Seeds of Hatred is the debut novel of author Christian Nadeau.
The lands of humanity are slipping into chaos. The Brotherhood of Khan reigns with an iron, tyrannical fist. The aristocracy displays hollow smiles and plots to regain lost power. The Fey lurk on the fringes, harboring centuries-old resentments. The Abraxans, servants of darkness, make ready to unleash a series of crippling attacks, while the Ezekans, cult of light, frantically struggle to weather the impending storm. Allegiances crumble, assassins eliminate targets, and fanatics burn it all. Behind the turmoil, ancients join the game. War is inevitable.
Into this bedlam of intrigue and infighting are thrust major players and unwitting pawns alike. Lieutenant Soren, eager officer of the Brotherhood; Marac, the brutal assassin; Lady Cullings, the scheming aristocrat; Elyas, heretic and ominous sorcerer; and Alex Ines, a fiery servant of the god of light. As bonds are broken and factions scramble for power, each finds their world shattered. Amidst total war, the struggle for their own morality becomes the greatest battle of all.
Seeds of Hatred is a novel that is clearly medieval fantasy, yet still wears many hats. It combines the depth and scope of Game of Thrones with the sinister grit of The Dark Tower series, which lands this book firmly in both the Epic Fantasy and Dark Fantasy categories.
The world-building skill displayed here is exceptional, and that is the novel’s most appealing quality. Nadeau brings an impressively intricate world of opposing factions and shifting loyalties to readers in Seeds of Hatred. The factions, cults, and peoples are clearly defined, as is the historical timeline leading up to the book’s events. This remarkable depth satisfactorily creates a fantasy world in which the reader has little trouble believing. The intrigue between and within factions is also handled deftly. A large portion of the enjoyment in Seeds of Hatred is pondering the motives behind the disparate characters and groups, and Nadeau plays them all off of each other very well.
There are several issues with Nadeau’s debut, however. First and foremost, Seeds of Hatred needs a serious overhaul in terms of its presentation, and, honestly, this is where a large number of the novel’s shortfalls stem.
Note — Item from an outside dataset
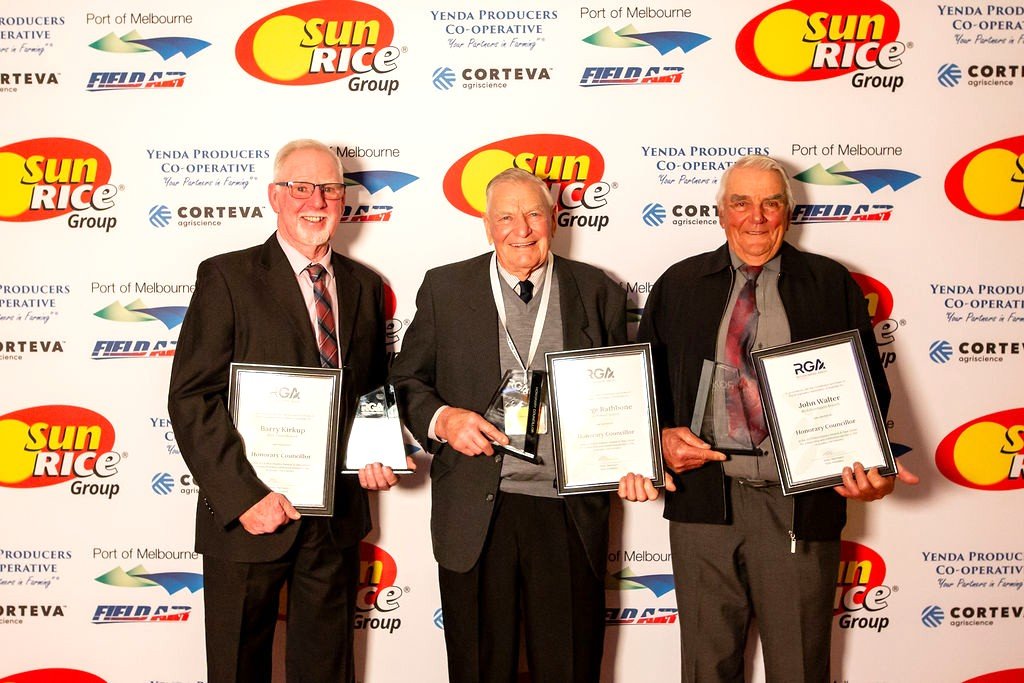 Three men in suits holding framed awards and trophies, standing in front of a backdrop with logos including Sun Rice Group, Yenda Producers Co-operative, Port of Melbourne, and others at an award ceremony.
The cover is lackluster at best. (Books should not be judged by their covers, but, unfortunately, that is exactly what readers do.) Nadeau’s writing style is much too wordy, which repeatedly jars the readers out of the narrative, and long stints of passive prose are used to explain character development and plot. Some words – “interlocutor” comes to mind – are used over and over.
In essence, what this novel needs is some professional editing. Much of what is rough could be taken care of with a good, professional copy edit and narrative edit. A good editor is essential in pointing out where excessive wordiness needs to be cut, where passive voice is used, where the plot starts to drag, and where grammar needs some correction.
In summary, Seeds of Hatred is a well-envisioned narrative that falls short of its true potential. Nadeau is a budding writer however, equipped with some solid world-building skill and well on his way to discovering the essentials for an engrossing tale. Fantasy readers will want to keep an eye on Christian Nadeau for the future.